Activity: Below, find the line containing "MiniTec International Sales" and the line containing "[229511.059.XS-LOGO1] Men's Swift"; reproduce exactly those two and every line between them, omitting pictures.

Data supplied:
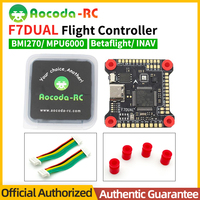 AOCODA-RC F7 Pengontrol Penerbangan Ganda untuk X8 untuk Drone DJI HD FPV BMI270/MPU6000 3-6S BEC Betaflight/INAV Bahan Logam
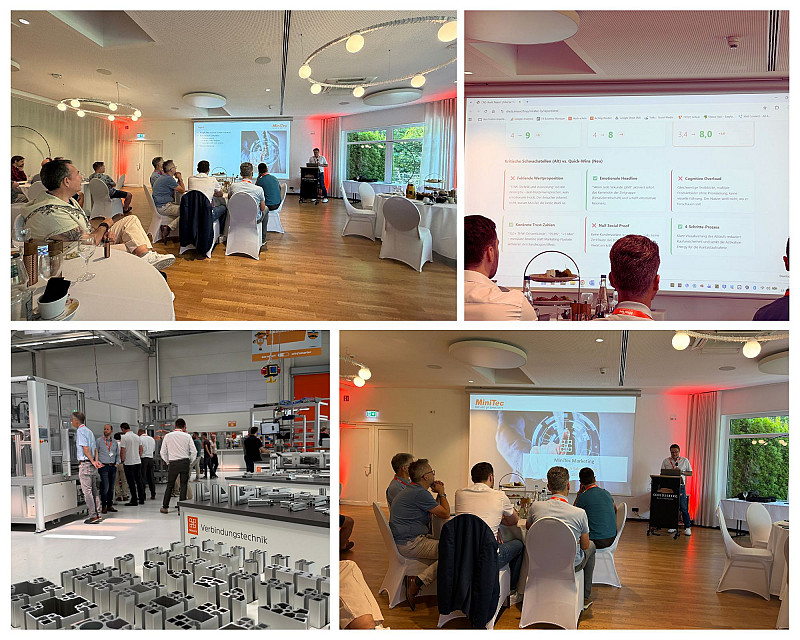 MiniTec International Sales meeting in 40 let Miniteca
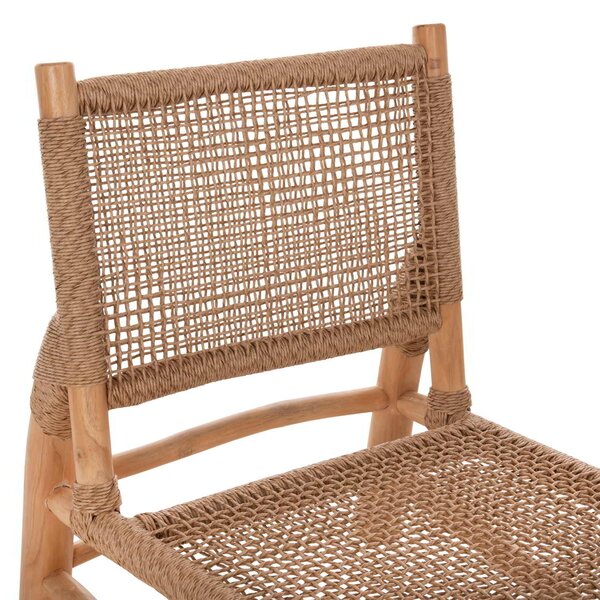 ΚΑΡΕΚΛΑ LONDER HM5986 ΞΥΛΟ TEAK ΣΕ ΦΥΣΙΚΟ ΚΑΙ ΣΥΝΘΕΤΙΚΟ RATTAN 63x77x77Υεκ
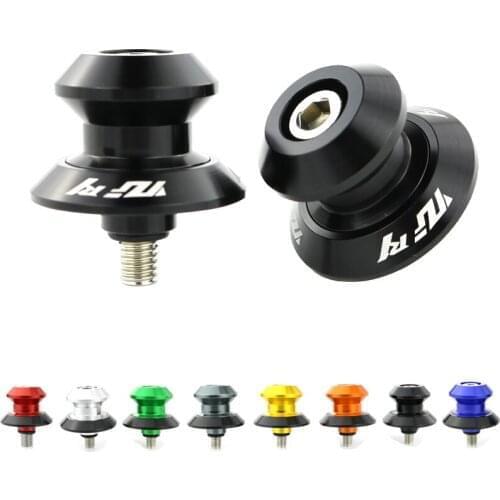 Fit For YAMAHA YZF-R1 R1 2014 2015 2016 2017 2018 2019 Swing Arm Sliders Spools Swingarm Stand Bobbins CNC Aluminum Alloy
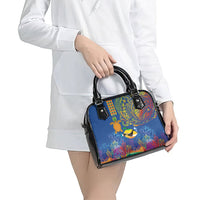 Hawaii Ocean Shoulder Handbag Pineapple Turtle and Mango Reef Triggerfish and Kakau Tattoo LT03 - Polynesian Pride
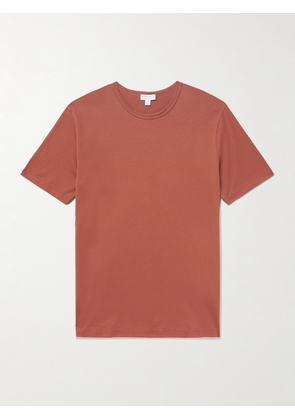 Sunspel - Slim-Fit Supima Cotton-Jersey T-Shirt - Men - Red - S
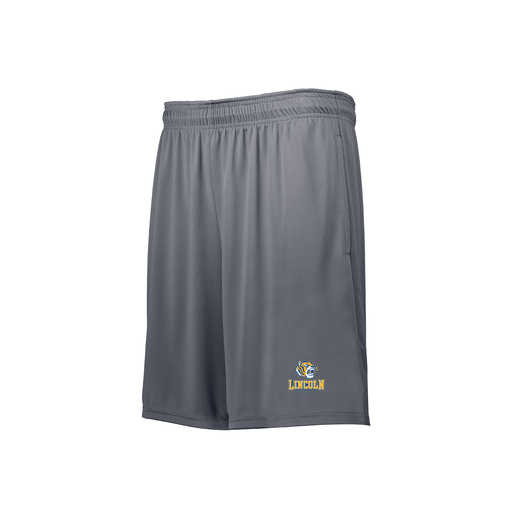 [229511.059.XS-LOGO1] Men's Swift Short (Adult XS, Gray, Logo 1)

--

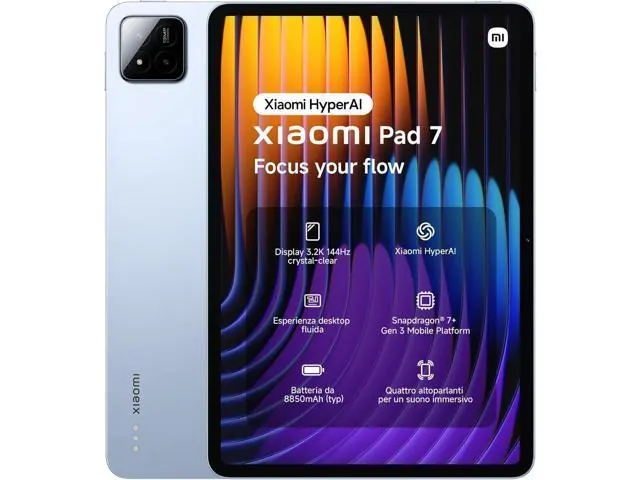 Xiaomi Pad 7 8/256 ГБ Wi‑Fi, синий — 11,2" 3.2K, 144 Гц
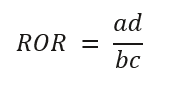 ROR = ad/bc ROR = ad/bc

* * *

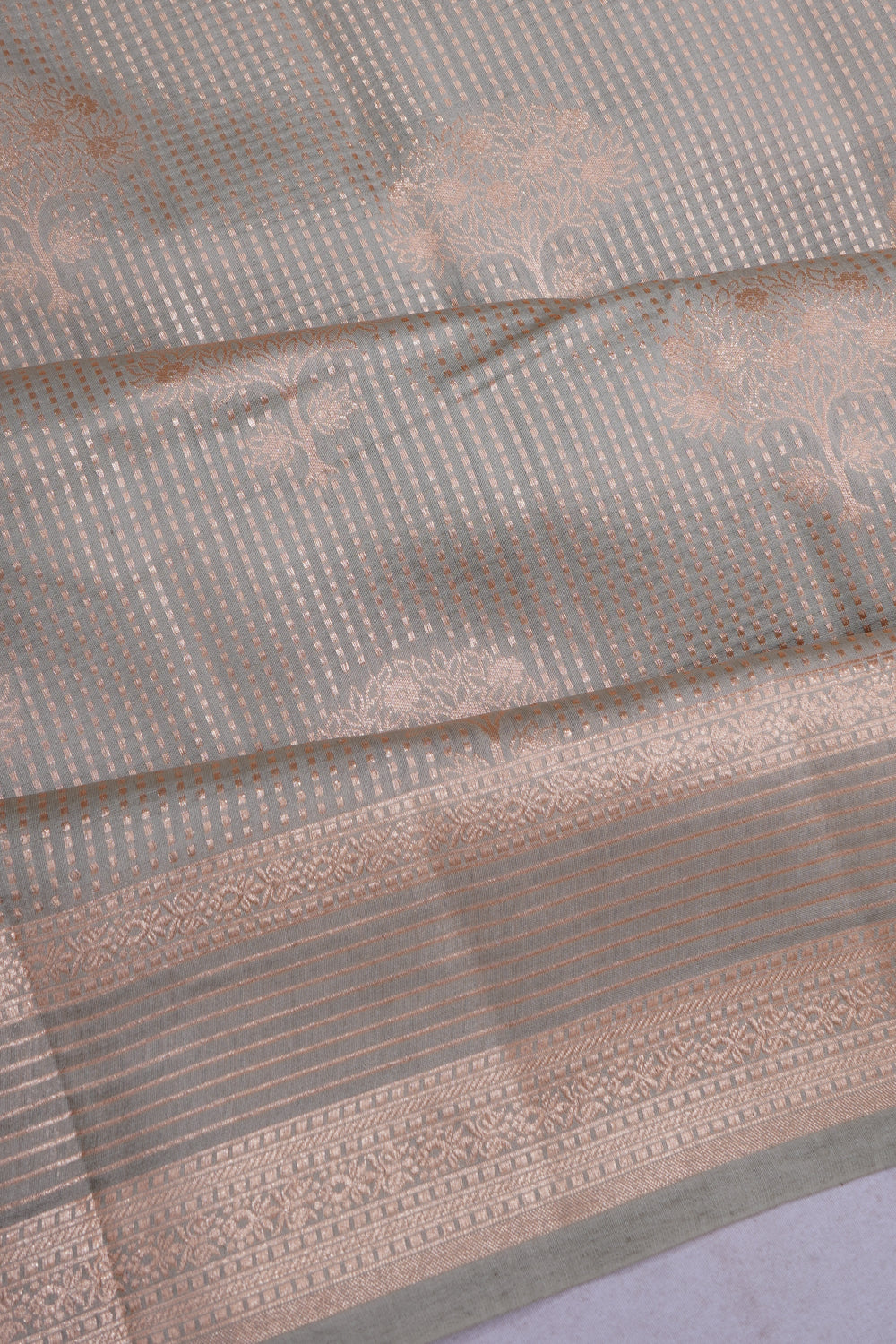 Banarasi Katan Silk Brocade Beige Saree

Result of the task:
 MiniTec International Sales meeting in 40 let Miniteca
 ΚΑΡΕΚΛΑ LONDER HM5986 ΞΥΛΟ TEAK ΣΕ ΦΥΣΙΚΟ ΚΑΙ ΣΥΝΘΕΤΙΚΟ RATTAN 63x77x77Υεκ
 Fit For YAMAHA YZF-R1 R1 2014 2015 2016 2017 2018 2019 Swing Arm Sliders Spools Swingarm Stand Bobbins CNC Aluminum Alloy
 Hawaii Ocean Shoulder Handbag Pineapple Turtle and Mango Reef Triggerfish and Kakau Tattoo LT03 - Polynesian Pride
 Sunspel - Slim-Fit Supima Cotton-Jersey T-Shirt - Men - Red - S
 [229511.059.XS-LOGO1] Men's Swift Short (Adult XS, Gray, Logo 1)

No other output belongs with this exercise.